## YOUR TASK
Your output should be the lines below from the one with "I will give" through the one with "Another interesting book", copied exactly, pictures excluded.

## PROVIDED RECORDS

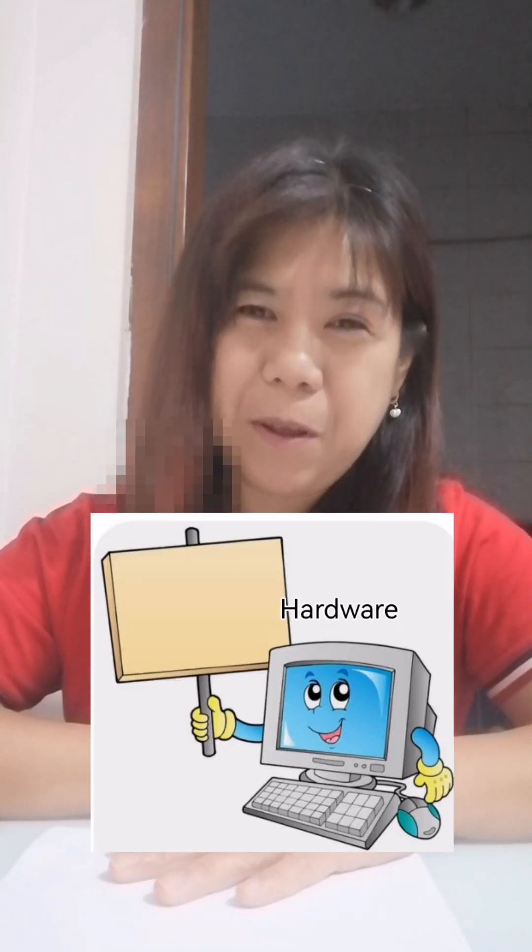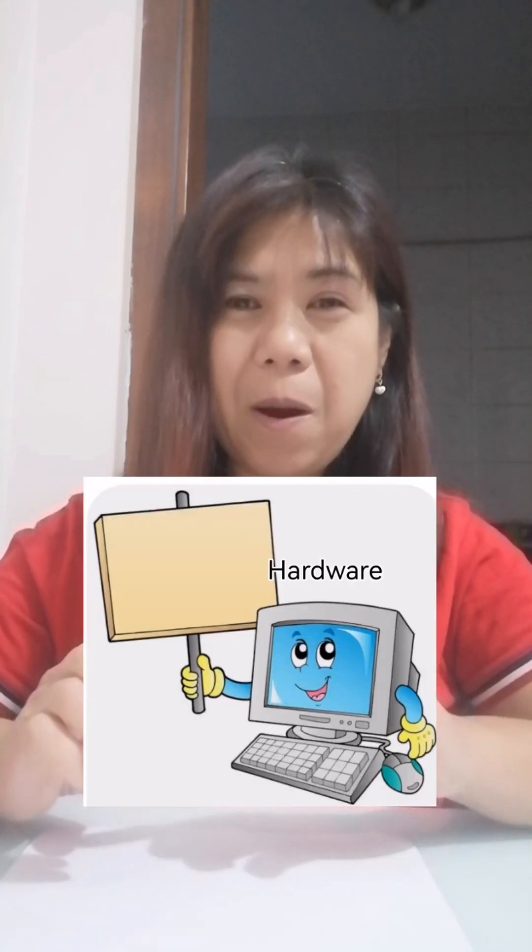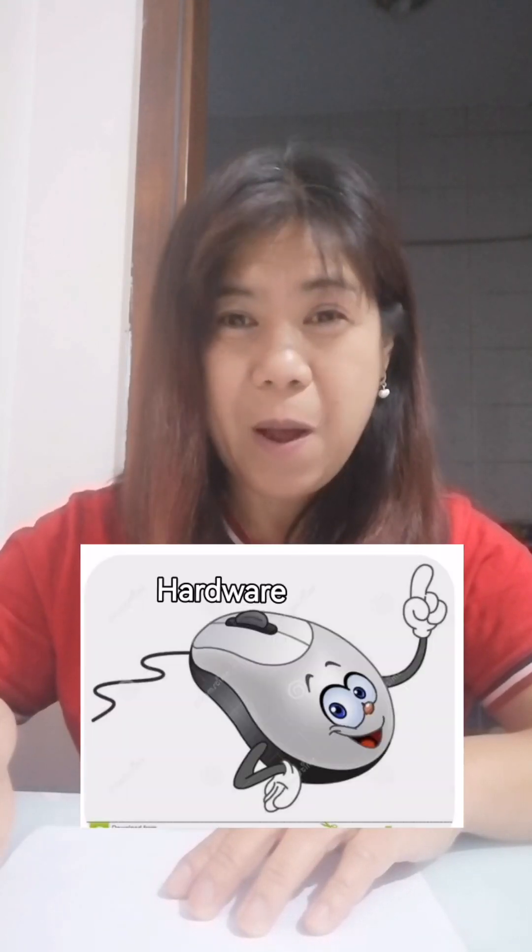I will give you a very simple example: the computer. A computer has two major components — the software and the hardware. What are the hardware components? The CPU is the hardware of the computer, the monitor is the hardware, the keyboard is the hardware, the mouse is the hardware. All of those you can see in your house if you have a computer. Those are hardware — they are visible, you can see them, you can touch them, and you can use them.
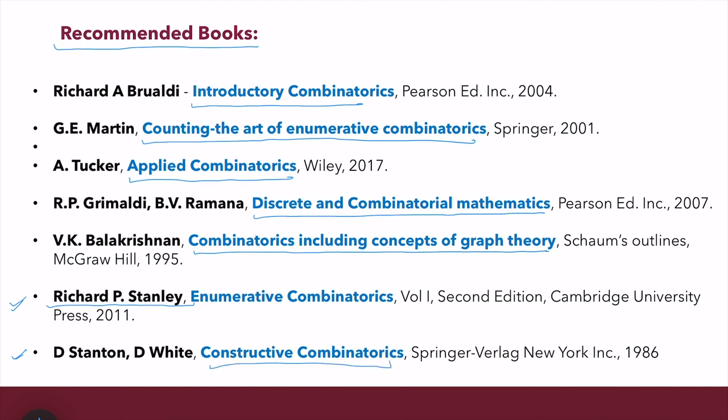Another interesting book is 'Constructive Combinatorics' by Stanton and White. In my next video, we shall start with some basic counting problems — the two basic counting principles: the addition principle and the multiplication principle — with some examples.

---

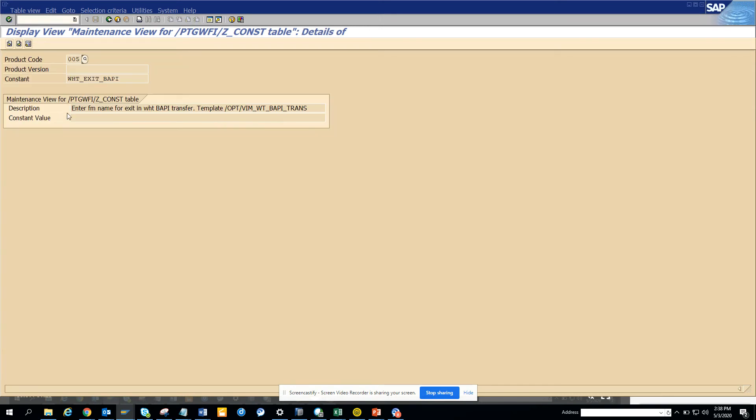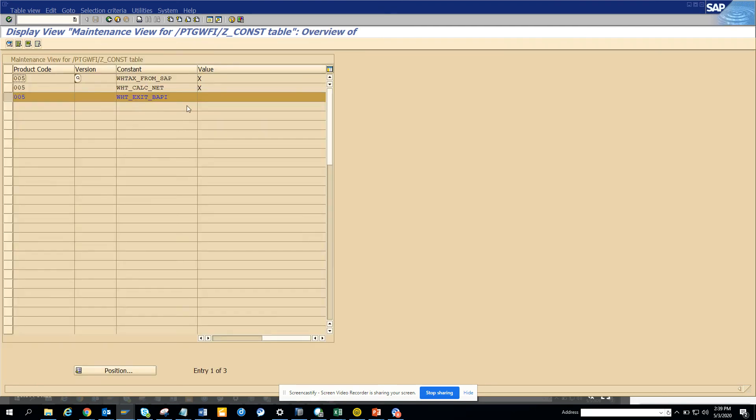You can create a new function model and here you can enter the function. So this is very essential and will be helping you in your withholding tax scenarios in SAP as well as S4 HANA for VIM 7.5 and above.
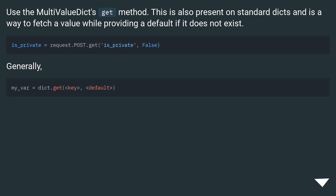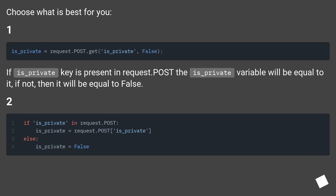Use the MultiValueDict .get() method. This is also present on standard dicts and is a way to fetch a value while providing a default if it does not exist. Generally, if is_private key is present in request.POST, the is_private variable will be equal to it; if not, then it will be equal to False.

## REPLY TO THE TASK
I will give you a very simple example: the computer. A computer has two major components — the software and the hardware. What are the hardware components? The CPU is the hardware of the computer, the monitor is the hardware, the keyboard is the hardware, the mouse is the hardware. All of those you can see in your house if you have a computer. Those are hardware — they are visible, you can see them, you can touch them, and you can use them.
Another interesting book is 'Constructive Combinatorics' by Stanton and White. In my next video, we shall start with some basic counting problems — the two basic counting principles: the addition principle and the multiplication principle — with some examples.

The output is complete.